# AIM OF THE EXERCISE
All pictures are to be omitted while the lines starting at the line with "Modern Elegant Narrow" and ending at the line with "Two red Russian" in the material below are retyped exactly, both ends included.

-- DATA TO PROCESS follows --

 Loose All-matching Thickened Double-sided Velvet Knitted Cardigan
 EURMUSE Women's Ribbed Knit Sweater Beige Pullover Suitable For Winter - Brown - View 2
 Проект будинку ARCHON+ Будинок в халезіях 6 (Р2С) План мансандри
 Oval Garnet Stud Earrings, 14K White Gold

-- DATA TO PROCESS concluded --
-- DATA TO PROCESS follows --

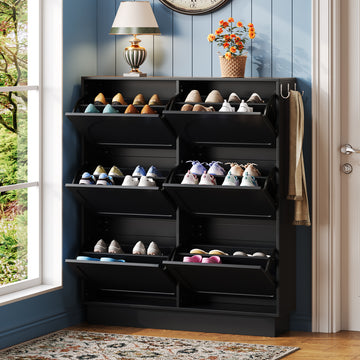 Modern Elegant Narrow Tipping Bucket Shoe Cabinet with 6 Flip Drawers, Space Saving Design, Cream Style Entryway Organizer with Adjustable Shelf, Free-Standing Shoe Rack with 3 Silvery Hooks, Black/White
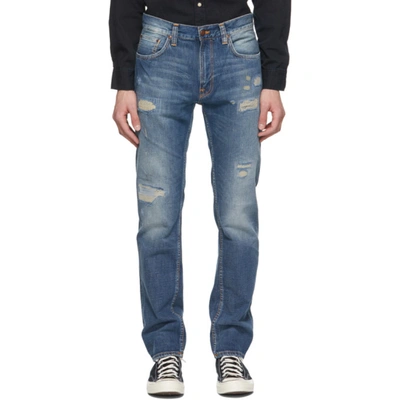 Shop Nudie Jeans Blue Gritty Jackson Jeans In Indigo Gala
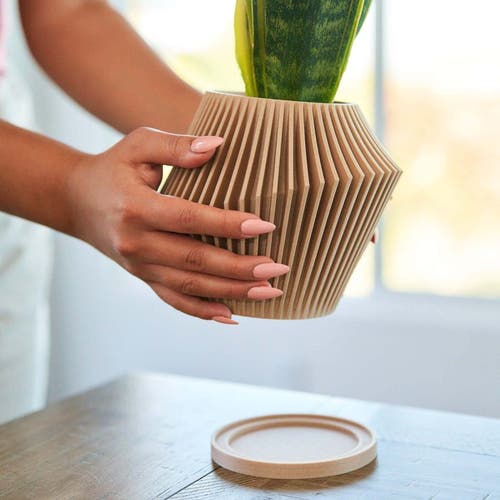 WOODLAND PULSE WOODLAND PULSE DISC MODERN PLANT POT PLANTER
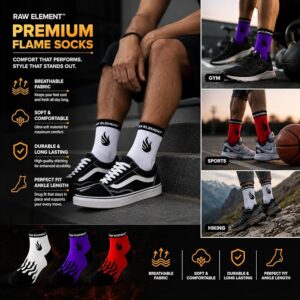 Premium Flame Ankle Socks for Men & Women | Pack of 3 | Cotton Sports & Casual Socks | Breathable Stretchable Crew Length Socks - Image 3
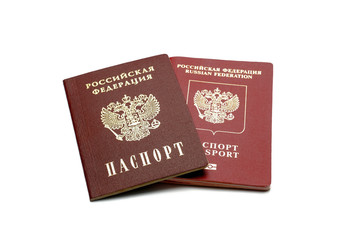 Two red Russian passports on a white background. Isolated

-- DATA TO PROCESS concluded --

# OUTPUT FOR THIS EXERCISE
 Modern Elegant Narrow Tipping Bucket Shoe Cabinet with 6 Flip Drawers, Space Saving Design, Cream Style Entryway Organizer with Adjustable Shelf, Free-Standing Shoe Rack with 3 Silvery Hooks, Black/White
 Shop Nudie Jeans Blue Gritty Jackson Jeans In Indigo Gala
 WOODLAND PULSE WOODLAND PULSE DISC MODERN PLANT POT PLANTER
 Premium Flame Ankle Socks for Men & Women | Pack of 3 | Cotton Sports & Casual Socks | Breathable Stretchable Crew Length Socks - Image 3
 Two red Russian passports on a white background. Isolated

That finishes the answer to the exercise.